Paying the lawyers’ costs was often the killer in libel cases involving colonial newspapers. Sometimes laughable amounts of damages were awarded to plaintiffs in libel verdicts, but if costs were awarded against the defendant they could kill a newspaper, or force a proprietor to sell it.
The Newcastle Telegraph ceased publication on March 31, 1866 because of a libel case; brothers Edward George and Thomas Talbot Wilton lost their Bathurst Times for 12 months after being hit with a heavy damages bill in 1867 when found guilty of having libelled the mayor, Edmund Webb.
In 1872 they had to dispose of the paper when Henry Rotton, a wealthy pastoralist, secured only one shilling (10c) in damages – but the Wiltons had to pay £300 ($600) in costs.
In the case of The Bulletin itself, one farthing damages was awarded against it in the famous Clontarf libel case in 1881, the jury not realising that the judge had the power to award costs.
He did, against The Bulletin, generating a public outcry and an appeal which raised £800 ($1600).
This left the proprietors, John Haynes and John Feltham Archibald, still £600 ($1200) short of the amount needed, and they were imprisoned in March 1882 for 12 months. They were released six weeks later when the remainder of the amount had been raised.

’A faint whisper’
The technology of communication was an important influence on the pace of newspaper development in a colony of big distances such as Queensland. From the mid-1860s, the electric telegraph, reaching out across the back blocks of this vast colony, and the tentacles of railway, gradually pushing out from port to hinterland up the north coast, helped lift the tempo of newspaper development and competition.
By 1870 the newspaper centres linked to Brisbane by the telegraph were Ipswich, Toowoomba, Warwick, Dalby, Maryborough, Gympie, Gladstone, Rockhampton, Mackay, Bowen and Townsville. Only Clermont had no telegraphic link. Brisbane had been linked with Sydney, Melbourne and Adelaide since November 2, 1861, inspiring one colonist to hail with acclamation the means provided to glean ’a faint whisper of the doings of the great world far away’.
From October 27, 1872, with the opening of the Overland Telegraph from Port Augusta to Darwin, Queensland was connected with ’the grand electric chain which united all the nations of the earth’. Australians would receive news within a matter of days, not months, from all over the civilised world.

In Rockhampton, Charles Hardie Buzacott, the founder of the Maryborough Chronicle in 1861, and the Peak Downs Telegram, Clermont, in 1864, and now the owner of the Rockhampton Bulletin, concluded that there was only one step to take. He must exploit the revolution in the transmission of news by making the Bulletin a daily.
It had been a tri-weekly since June 30, 1863, and now it would become the first daily in provincial Queensland. On taking the step on January 2, 1873, Buzacott explained: “Now that the whole earth is in telegraphic communication, the world’s news will be available for nearly every publication.”

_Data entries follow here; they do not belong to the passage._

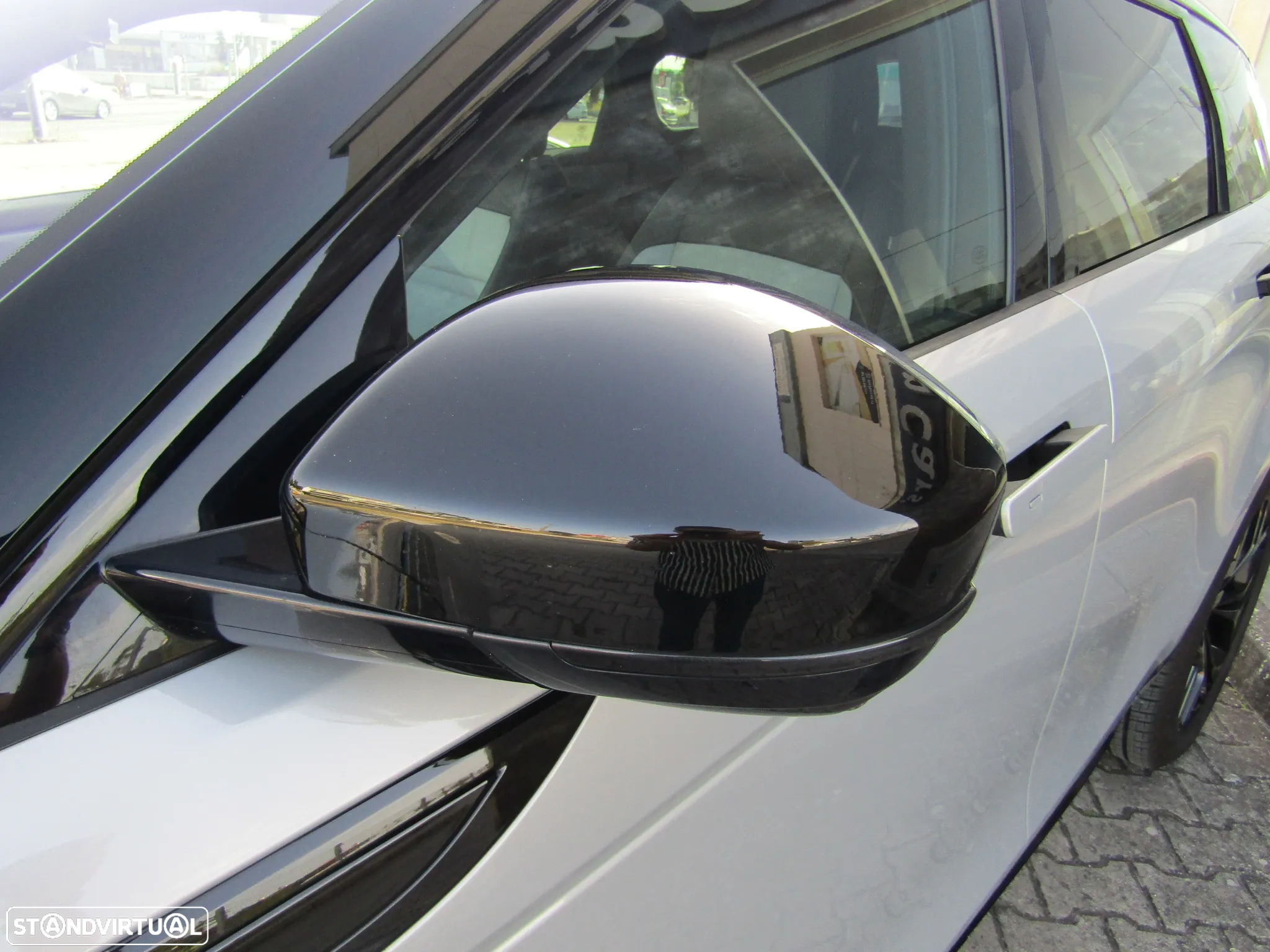 Land Rover Range Rover Evoque 2.0 D200 AWD R-Dynamic Auto - 5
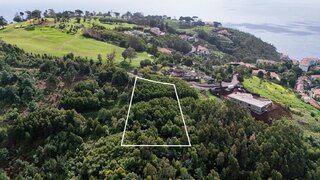Land for sale in Funchal, Portugal — €250,000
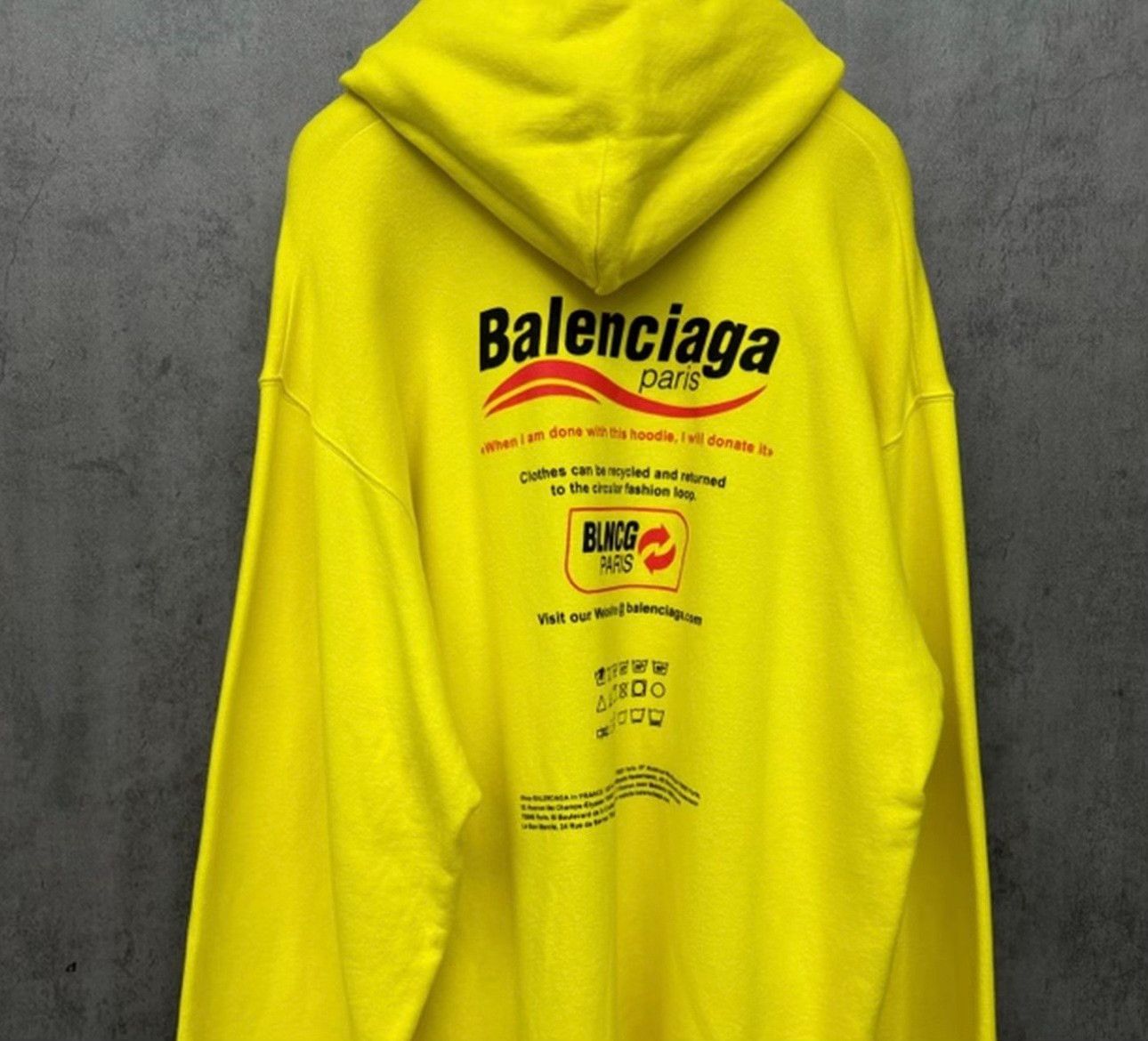 Balenciaga Balenciaga Logo Print Hoodie Yellow XXS Size US XXS / EU 40 - 3 Thumbnail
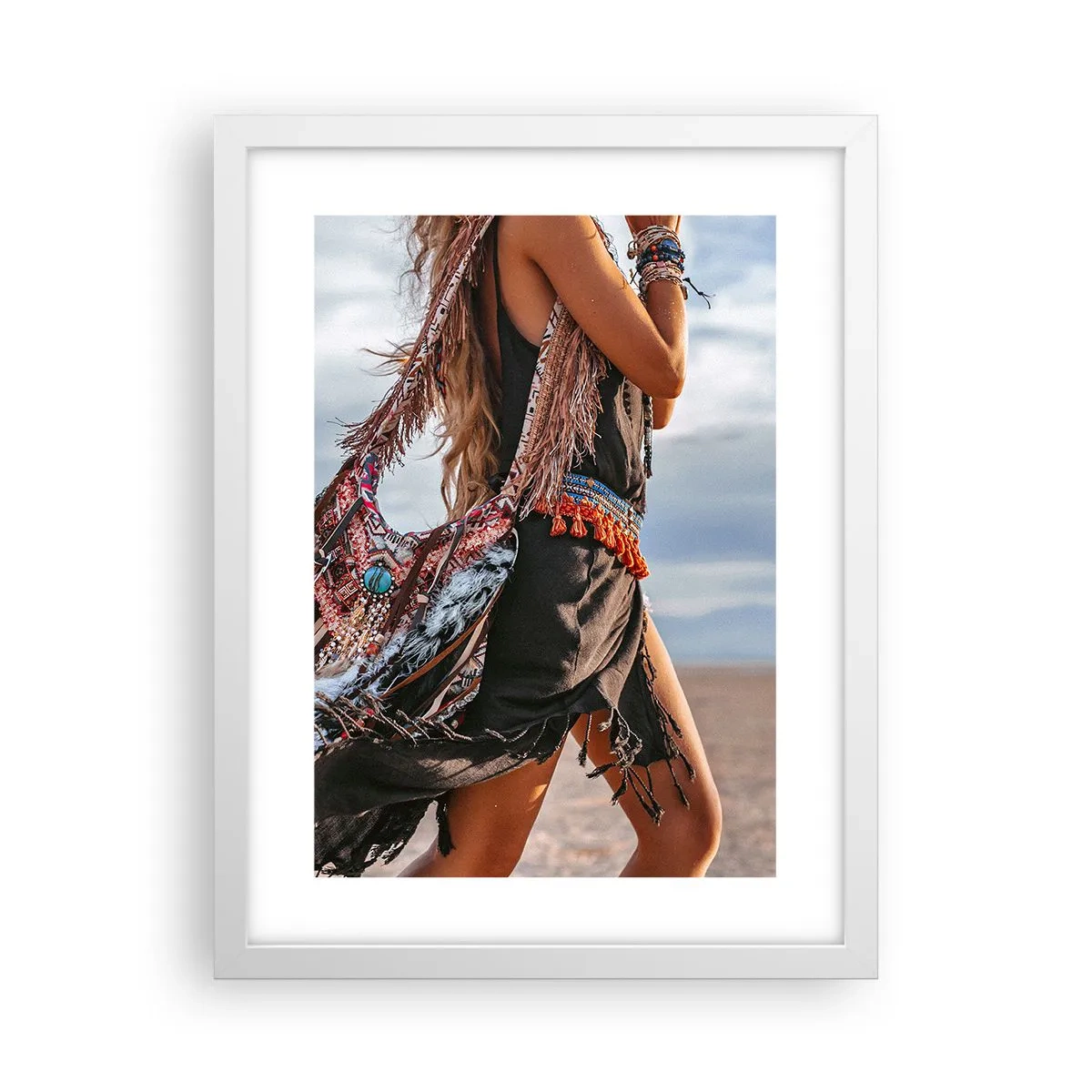 Poster in einem weißen Rahmen - Das Mädchen des Schamanen - 30x40 cm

Many friends of the Buzacott brothers believed the change to daily publication had been made “rather too fast”, but William Buzacott reflected seven years later that the move had been a safe and eminently successful one, as the position of the journal then amply testified.

Broken Hill’s unusual daily
The Barrier Daily Truth, Broken Hill’s lone daily since the Barrier Miner closed in 1974, is unusual for at least two reasons. It is the only regional daily in Australia owned by the unions. Also, it allowed its centenary – in 1998 – to pass without drawing attention to, let alone trumpeting, its age.
When I telephoned the Truth office that year the staff members seemed ignorant of the paper’s actual age.
No, they hadn’t published a centenary supplement. There had been a supplement issued in 1983 – the centenary of the town, and 75 years since the Barrier Truth had become a daily.

But the date of the Truth’s actual establishment did not readily come to mind. What they remember is the date on which they became a daily, possibly the first Labour daily in Australasia and, so it is claimed, the first union-owned Labour daily in the English-speaking world. The Barrier Truth was established in 1898 but it grew out of a small one-page leaflet (about A4 size) that appeared in Broken Hill in 1897.
It contained two columns of advertisements and one column of the writings of Charles Maley, a middle-aged school-teacher from South Australia who had been active in Labor circles since 1893.
Until 1895 Maley had been a member of the Socialist League and had contributed several well-informed articles on socialism to the Barrier Miner. Jabez Wright, of the Amalgamated Miners’ Association, strongly endorsed the need “for a local Labor paper and for the extension of the Labor press generally”.
The association voted £50 for this project and the Barrier Truth was established on 8 January 1898 as a weekly paper with Maley as editor. It became a daily on 2 November 1908.

At first, local printing establishments were reluctant to produce the Truth and so it was printed in Adelaide until September 1898 when a Broken Hill printer, Thomas Nicholls, consented to print it for the Barrier District Assembly of the Political Labour League which had, by then assumed ownership. The Australian Labour Federation took over the paper in 1900.